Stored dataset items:
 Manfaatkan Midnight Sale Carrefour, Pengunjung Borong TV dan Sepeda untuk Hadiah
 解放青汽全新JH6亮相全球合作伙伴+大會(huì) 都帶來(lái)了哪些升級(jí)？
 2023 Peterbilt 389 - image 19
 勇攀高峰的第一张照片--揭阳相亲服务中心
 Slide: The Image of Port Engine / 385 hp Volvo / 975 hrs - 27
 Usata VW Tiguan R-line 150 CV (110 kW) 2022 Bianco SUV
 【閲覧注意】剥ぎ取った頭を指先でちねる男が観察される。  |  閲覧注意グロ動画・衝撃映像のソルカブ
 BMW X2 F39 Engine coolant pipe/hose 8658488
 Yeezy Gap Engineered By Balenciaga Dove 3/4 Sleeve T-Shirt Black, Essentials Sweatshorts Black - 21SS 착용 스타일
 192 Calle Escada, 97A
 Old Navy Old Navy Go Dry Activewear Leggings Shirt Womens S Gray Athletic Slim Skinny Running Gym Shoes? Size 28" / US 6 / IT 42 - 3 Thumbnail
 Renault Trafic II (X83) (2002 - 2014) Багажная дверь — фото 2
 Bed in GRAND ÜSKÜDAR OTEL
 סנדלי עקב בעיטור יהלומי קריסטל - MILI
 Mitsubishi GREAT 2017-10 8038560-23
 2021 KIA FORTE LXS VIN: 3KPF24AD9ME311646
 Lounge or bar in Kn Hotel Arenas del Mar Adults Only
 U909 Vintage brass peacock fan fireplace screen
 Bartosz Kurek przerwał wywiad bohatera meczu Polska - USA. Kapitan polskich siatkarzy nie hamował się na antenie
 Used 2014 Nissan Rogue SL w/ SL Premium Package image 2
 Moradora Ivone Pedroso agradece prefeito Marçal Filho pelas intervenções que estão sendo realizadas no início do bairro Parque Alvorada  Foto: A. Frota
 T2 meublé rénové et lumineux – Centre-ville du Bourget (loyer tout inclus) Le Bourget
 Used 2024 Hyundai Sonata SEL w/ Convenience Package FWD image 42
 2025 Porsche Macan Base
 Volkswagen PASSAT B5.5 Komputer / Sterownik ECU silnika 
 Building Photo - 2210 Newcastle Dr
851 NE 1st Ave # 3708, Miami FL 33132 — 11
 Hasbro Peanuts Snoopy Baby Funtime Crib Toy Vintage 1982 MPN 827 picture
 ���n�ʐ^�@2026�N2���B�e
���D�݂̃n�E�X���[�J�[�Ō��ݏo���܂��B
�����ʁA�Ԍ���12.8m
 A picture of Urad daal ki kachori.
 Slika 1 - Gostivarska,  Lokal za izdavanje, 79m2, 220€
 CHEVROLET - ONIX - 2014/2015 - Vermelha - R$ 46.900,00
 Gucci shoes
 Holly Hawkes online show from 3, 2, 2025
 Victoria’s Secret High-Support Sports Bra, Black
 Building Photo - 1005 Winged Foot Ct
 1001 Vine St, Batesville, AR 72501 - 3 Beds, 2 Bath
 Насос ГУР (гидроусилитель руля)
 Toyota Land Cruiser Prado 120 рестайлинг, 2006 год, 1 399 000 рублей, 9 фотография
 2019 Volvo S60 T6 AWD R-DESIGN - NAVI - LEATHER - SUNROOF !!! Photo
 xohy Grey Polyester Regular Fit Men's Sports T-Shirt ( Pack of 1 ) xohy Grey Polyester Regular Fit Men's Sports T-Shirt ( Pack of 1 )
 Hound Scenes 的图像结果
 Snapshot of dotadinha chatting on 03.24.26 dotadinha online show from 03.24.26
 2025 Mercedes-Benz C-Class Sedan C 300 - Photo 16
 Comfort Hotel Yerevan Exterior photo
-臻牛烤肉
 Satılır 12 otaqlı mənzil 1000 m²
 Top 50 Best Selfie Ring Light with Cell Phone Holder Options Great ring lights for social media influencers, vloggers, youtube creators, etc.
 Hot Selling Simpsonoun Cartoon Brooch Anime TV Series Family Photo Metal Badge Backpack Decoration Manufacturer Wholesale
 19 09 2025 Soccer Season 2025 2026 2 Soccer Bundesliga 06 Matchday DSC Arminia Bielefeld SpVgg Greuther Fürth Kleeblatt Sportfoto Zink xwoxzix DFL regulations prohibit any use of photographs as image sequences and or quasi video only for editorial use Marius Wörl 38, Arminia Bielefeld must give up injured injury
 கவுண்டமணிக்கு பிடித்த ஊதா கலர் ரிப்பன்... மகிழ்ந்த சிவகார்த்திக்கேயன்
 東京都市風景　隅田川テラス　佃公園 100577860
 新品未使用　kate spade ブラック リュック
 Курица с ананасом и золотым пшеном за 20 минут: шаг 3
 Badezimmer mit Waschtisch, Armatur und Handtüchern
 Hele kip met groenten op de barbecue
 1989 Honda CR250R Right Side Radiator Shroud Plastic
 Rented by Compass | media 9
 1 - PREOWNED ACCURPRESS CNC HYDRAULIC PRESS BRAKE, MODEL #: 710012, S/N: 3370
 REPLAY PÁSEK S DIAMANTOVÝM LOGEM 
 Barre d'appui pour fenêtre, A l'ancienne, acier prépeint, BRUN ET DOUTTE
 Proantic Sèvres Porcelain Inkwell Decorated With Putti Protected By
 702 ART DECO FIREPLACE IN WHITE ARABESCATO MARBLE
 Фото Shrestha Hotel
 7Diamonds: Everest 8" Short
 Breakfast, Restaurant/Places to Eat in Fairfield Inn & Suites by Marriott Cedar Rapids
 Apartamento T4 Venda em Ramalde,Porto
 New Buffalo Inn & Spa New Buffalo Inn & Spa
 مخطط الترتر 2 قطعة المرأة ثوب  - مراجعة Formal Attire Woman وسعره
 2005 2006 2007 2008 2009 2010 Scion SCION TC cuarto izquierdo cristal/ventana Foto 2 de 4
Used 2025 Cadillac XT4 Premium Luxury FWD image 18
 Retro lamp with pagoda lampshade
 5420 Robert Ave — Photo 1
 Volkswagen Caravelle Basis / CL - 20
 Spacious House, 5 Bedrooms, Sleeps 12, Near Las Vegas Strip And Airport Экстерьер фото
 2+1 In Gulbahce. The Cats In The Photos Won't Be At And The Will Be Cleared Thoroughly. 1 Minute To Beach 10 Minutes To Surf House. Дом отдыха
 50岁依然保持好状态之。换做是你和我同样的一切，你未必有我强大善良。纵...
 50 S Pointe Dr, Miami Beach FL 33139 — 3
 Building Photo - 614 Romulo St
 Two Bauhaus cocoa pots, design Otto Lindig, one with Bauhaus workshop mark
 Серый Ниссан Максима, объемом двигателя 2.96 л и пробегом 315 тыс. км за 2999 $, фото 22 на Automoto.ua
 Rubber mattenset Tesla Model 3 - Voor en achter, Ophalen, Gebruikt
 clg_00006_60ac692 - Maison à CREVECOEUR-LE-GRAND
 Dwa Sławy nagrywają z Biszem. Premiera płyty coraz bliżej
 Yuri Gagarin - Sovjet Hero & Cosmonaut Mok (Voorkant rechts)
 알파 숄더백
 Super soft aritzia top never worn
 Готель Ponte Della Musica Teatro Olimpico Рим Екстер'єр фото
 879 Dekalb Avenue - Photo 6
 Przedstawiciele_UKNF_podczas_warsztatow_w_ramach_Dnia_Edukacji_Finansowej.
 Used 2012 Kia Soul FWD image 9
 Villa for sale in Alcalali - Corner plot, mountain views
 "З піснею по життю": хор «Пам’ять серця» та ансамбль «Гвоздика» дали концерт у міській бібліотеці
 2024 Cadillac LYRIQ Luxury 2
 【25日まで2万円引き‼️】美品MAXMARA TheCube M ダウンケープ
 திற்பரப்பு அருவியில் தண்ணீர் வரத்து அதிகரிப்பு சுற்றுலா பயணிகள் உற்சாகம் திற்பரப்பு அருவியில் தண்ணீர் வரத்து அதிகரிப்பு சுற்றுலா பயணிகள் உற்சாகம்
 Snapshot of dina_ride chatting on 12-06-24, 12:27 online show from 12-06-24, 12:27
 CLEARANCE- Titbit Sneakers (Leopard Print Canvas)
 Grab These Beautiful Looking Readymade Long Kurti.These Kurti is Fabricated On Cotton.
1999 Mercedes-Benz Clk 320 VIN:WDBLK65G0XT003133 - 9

* _Required work_
Using the data above, extract exactly the lines from the one that holds "Насос ГУР (гидроусилитель руля)" to the one that holds "Used 2025 Cadillac", both ends included, and no others.

* _Exercise response_
 Насос ГУР (гидроусилитель руля)
 Toyota Land Cruiser Prado 120 рестайлинг, 2006 год, 1 399 000 рублей, 9 фотография
 2019 Volvo S60 T6 AWD R-DESIGN - NAVI - LEATHER - SUNROOF !!! Photo
 xohy Grey Polyester Regular Fit Men's Sports T-Shirt ( Pack of 1 ) xohy Grey Polyester Regular Fit Men's Sports T-Shirt ( Pack of 1 )
 Hound Scenes 的图像结果
 Snapshot of dotadinha chatting on 03.24.26 dotadinha online show from 03.24.26
 2025 Mercedes-Benz C-Class Sedan C 300 - Photo 16
 Comfort Hotel Yerevan Exterior photo
-臻牛烤肉
 Satılır 12 otaqlı mənzil 1000 m²
 Top 50 Best Selfie Ring Light with Cell Phone Holder Options Great ring lights for social media influencers, vloggers, youtube creators, etc.
 Hot Selling Simpsonoun Cartoon Brooch Anime TV Series Family Photo Metal Badge Backpack Decoration Manufacturer Wholesale
 19 09 2025 Soccer Season 2025 2026 2 Soccer Bundesliga 06 Matchday DSC Arminia Bielefeld SpVgg Greuther Fürth Kleeblatt Sportfoto Zink xwoxzix DFL regulations prohibit any use of photographs as image sequences and or quasi video only for editorial use Marius Wörl 38, Arminia Bielefeld must give up injured injury
 கவுண்டமணிக்கு பிடித்த ஊதா கலர் ரிப்பன்... மகிழ்ந்த சிவகார்த்திக்கேயன்
 東京都市風景　隅田川テラス　佃公園 100577860
 新品未使用　kate spade ブラック リュック
 Курица с ананасом и золотым пшеном за 20 минут: шаг 3
 Badezimmer mit Waschtisch, Armatur und Handtüchern
 Hele kip met groenten op de barbecue
 1989 Honda CR250R Right Side Radiator Shroud Plastic
 Rented by Compass | media 9
 1 - PREOWNED ACCURPRESS CNC HYDRAULIC PRESS BRAKE, MODEL #: 710012, S/N: 3370
 REPLAY PÁSEK S DIAMANTOVÝM LOGEM 
 Barre d'appui pour fenêtre, A l'ancienne, acier prépeint, BRUN ET DOUTTE
 Proantic Sèvres Porcelain Inkwell Decorated With Putti Protected By
 702 ART DECO FIREPLACE IN WHITE ARABESCATO MARBLE
 Фото Shrestha Hotel
 7Diamonds: Everest 8" Short
 Breakfast, Restaurant/Places to Eat in Fairfield Inn & Suites by Marriott Cedar Rapids
 Apartamento T4 Venda em Ramalde,Porto
 New Buffalo Inn & Spa New Buffalo Inn & Spa
 مخطط الترتر 2 قطعة المرأة ثوب  - مراجعة Formal Attire Woman وسعره
 2005 2006 2007 2008 2009 2010 Scion SCION TC cuarto izquierdo cristal/ventana Foto 2 de 4
Used 2025 Cadillac XT4 Premium Luxury FWD image 18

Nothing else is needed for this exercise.